To generate HDL code by using the MATLAB Workflow Advisor, you create a HDL code generation project, specify the function and test bench files, specify the fixed-point conversion parameters, define the code generation target, configure the floating-point options, and generate a test bench.

Create HDL Code Generation Project

To create an HDL Code Generation project, in the Apps tab, click HDL Coder. Specify your project name and location, and click OK.. In the HDL Code Generation window:

To generate HDL code that uses floating-point libraries, set the Fixed-point conversion parameter to Keep original types.

Define Code Generation Target

In the Select Code Generation Target task, set the synthesis tool and FPGA device information.
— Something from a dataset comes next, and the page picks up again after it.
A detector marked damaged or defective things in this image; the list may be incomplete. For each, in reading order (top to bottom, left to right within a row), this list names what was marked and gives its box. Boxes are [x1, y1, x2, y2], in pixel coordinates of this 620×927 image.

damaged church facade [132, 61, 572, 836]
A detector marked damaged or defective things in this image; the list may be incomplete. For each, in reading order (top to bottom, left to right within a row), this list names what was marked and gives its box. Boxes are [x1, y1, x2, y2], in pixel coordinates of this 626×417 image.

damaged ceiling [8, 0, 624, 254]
For this example, set:

Configure Floating-Point Libraries

To generate HDL code that uses floating-point libraries, in the HDL Code generation task, in the Optimizations tab, enable Aggressive Dataflow Conversion.
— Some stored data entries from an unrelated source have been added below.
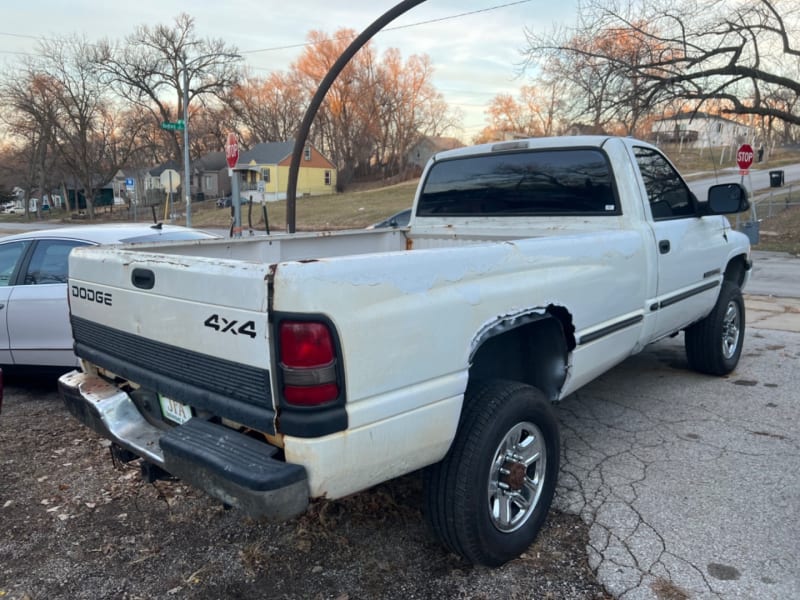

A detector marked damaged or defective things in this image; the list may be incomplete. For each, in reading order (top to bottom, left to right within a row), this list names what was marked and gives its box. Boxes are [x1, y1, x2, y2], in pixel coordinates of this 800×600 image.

damaged rear bumper [58, 370, 310, 520]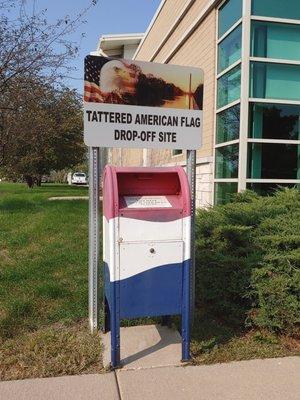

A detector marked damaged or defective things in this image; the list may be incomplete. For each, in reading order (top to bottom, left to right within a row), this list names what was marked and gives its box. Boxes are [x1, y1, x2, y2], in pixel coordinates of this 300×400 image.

tattered flag drop-off sign [84, 55, 204, 150]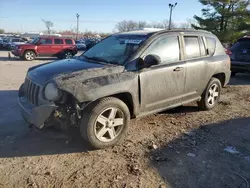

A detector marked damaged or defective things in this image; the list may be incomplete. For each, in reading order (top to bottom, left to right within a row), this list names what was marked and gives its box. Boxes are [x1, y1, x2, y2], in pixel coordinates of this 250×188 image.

cracked bumper cover [18, 96, 57, 129]
damaged front bumper [18, 96, 57, 129]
HDL Coder supports the generation of HDL code using the AMD® floating-point library, (AMDFloatingPointOperators), or the Intel® FPGA floating-point IP library, (AlteraFPFunctions), together with the native floating-point library. For other synthesis tool settings, you can use the native floating-point library to generate HDL code.

Click the Floating Point tab. Enable Use Floating Point, then set Vendor Floating Point Library to AMDFloatingPointOperators.

If you customize the the native floating-point library settings in the Floating Point tab, you must generate HDL code from the command-line interface.

Set Up the Test Bench

To simulate the generated HDL code and test bench with the AMD floating-point library, click the Verify with HDL Test task. In the Test Bench Options tab, set the Reset length (in clock cycles) parameter to 10. HDL Coder does not support using Vivado Simulator as the simulation tool when you use the AMD floating-point library.

Set the Simulation library path parameter to the path to your compiled Vivado simulation libraries for ModelSim.

To generate the HDL test bench files, in the Output Settings tab, enable Generate test bench.

You can also verify the generated files by selecting the Simulate generated test bench option and setting the Simulation tool to ModelSim. If the simulation passes, the Workflow Advisor displays Simulation Successful. You must add the ModelSim path to set the Simulation tool to ModelSim. If the ModelSim option is not available, add the ModelSim path to the MATLAB search path, and click Refresh list.

Generate HDL Code Using the Command-Line Interface

To generate HDL code from command-line interface, you create an HDL Coder configuration object, configure the object, run the code generation command, and then compile and simulate the model using ModelSim.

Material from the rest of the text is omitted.